Location – School Lake
Hours – 4 Hrs
I’m out for my usual Monday session; obsessed with the Carp at the moment. The forecast is for very high winds and heavy rain this week, so I’m not sure if I will make it out again.
I arrived at the lake to find the maintenance team hard at work sorting out the dead trees, it’s always nice to see your membership money getting put back into the lakes you fish. I was really hoping to fish a different area from the island today but felt that was my best option with all the noise and falling trees.
I headed to my normal area and baited with 8mm Catalyst pellets, crushed Classic Corn boilies and fished a 12mm CC pop up, with my ever faithful Ronnie rig.
The first take happened just before 10.30 and just after the rain had started, which wasn’t forecast to arrive until later this afternoon. It was only a small Common, but still very welcome.

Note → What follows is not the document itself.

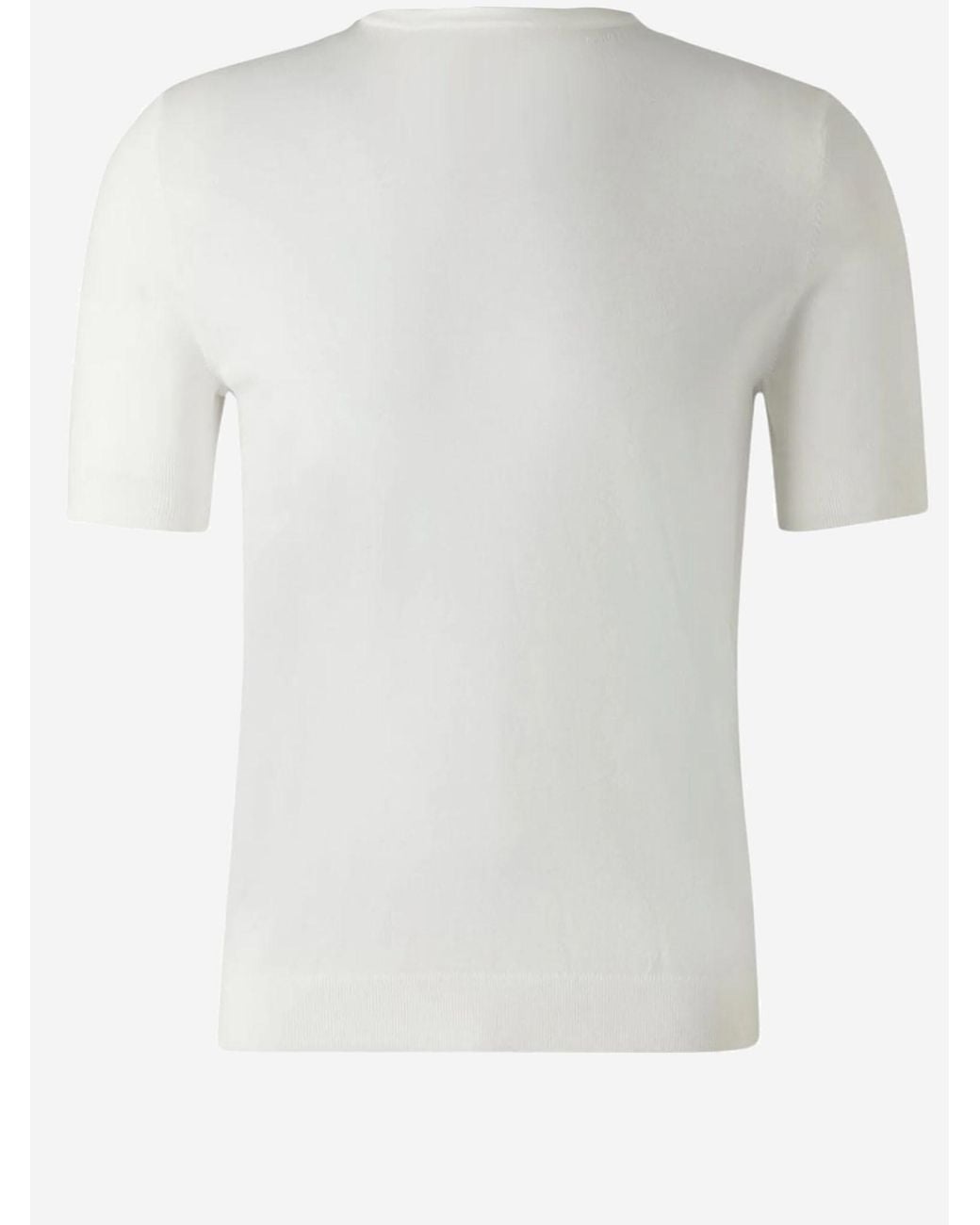 Boss White Short-Sleeve Knit Sweater for men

With a fresh bait on the rod, it was soon back out on to the left-hand spot. l topped up the swim with a small amount of bait. By 11 am, as there was no action on the right-hand rod, I moved that one down to the bottom of the margin shelf. I had a feeling this was going to be a hard days fishing, the weather had changed and there were absolutely no signs of Carp. Just as I was thinking this, the right-hand rod ripped off, with a very unhappy Mirror on the other end who was clearly not happy but it was soon on the bank and then safely back in the lake.
Just shows you can never really tell.
The wind had really picked up and the brolly was taking a beating, there was the odd break in the rain, it wasn’t too bad on the bank today.

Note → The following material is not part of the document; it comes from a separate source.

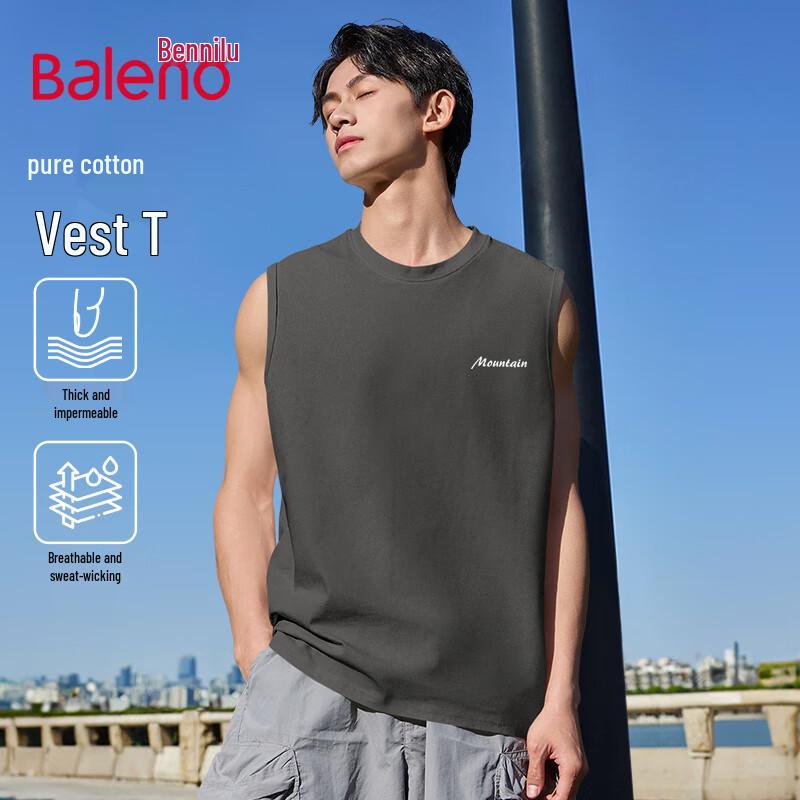 Baleno Men's Cotton Mountain X Graphic Sleeveless Vest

Well, it’s almost heading home time and this wind has certainly got a chill to it. I’m very happy with two fish, as it’s gone from warm and sunny, to cold and windy in the space of a few hours. I’m certainly feeling the difference and I’m sure the carp will be.
Location – School Lake
Hours – 4 Hrs
I arrived down the lake to find the maintenance guys had finished the first bank and were headed around the island. This gave me the opportunity to try in open water again. I’d been meaning to do for some time, just need to stock up on maggots and casters. Previously, the carp didn’t pick up anything I’ve tried so far in open water, it’s all been margins and underarm flicker. I’m sure this may well be where the bigger carp are, we shall see over the next few weeks.

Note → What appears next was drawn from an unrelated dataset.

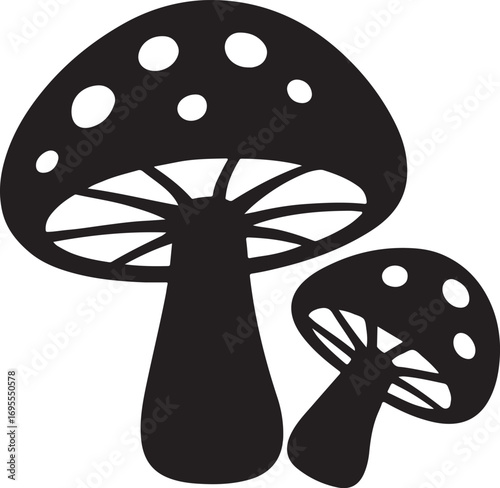 Mushroom Silhouette Vector Bold Botanical Icon for Nature, Fantasy Forest-Inspired Design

I’ve not forgotten an item of tackle for some time, but today it was my buzzers! And the trusty barrow pod was put into action, must be my age, I turned 55 today.
I’m using a combination of maggots, casters, crushed Classic Corn boilies in a large pva bag with 12mm pop-up and casting just over midway across the lake.
The wind is pushing down this end of the lake nicely and there is the odd heavy rain shower, but nothing too drastic, it looks like its being pushed up North more. I’ve been putting out the pva bags once every hour. However, just before noon, I decided that the last two hours I would put a fresh bait on and stick it tight to the far margins as that tends to produce a Carp or two, as I’ve had no action yet.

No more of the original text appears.